■ **YOUR TASK**: Everything in the listing that follows should be reproduced exactly except the pictures.

■ **DATASET EXTRACT**:
[Start of section]

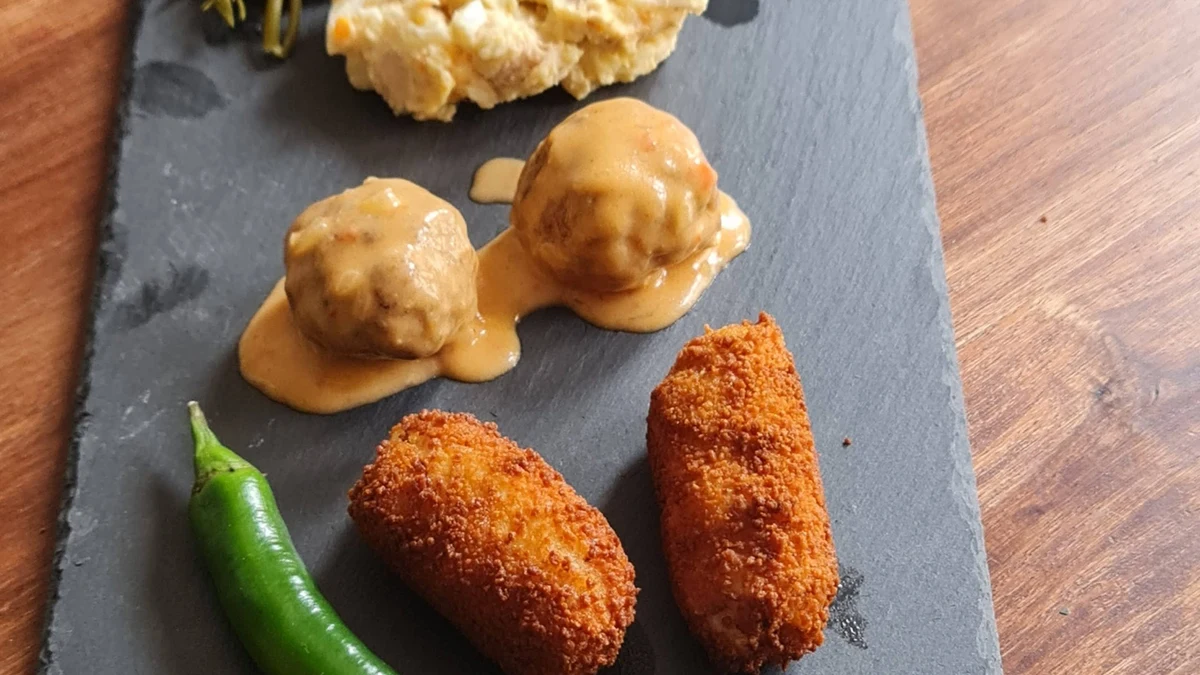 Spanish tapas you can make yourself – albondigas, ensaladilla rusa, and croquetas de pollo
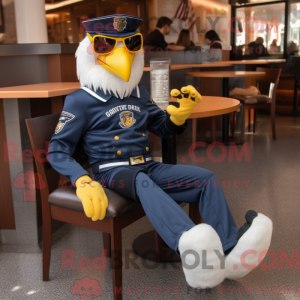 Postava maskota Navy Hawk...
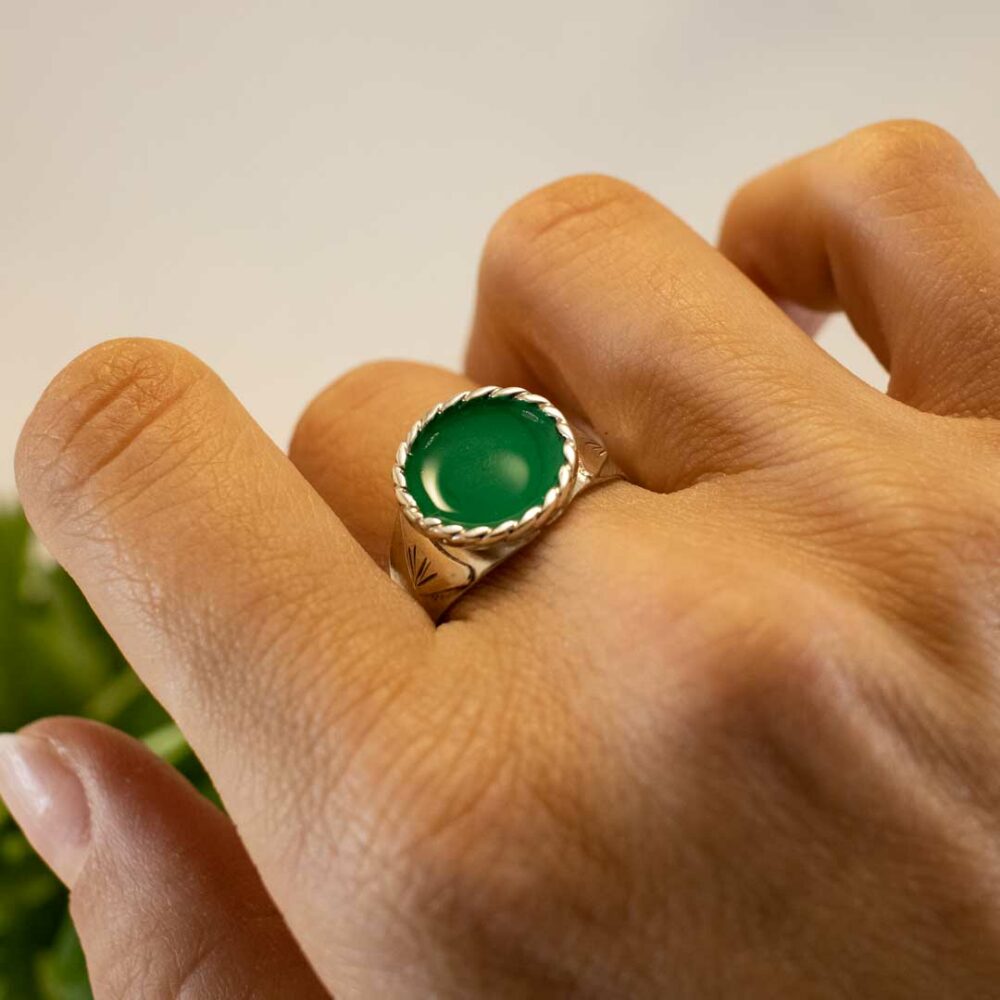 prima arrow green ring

[End of section]

■ **COMPLETED TASK**:
 Spanish tapas you can make yourself – albondigas, ensaladilla rusa, and croquetas de pollo
 Postava maskota Navy Hawk...
 prima arrow green ring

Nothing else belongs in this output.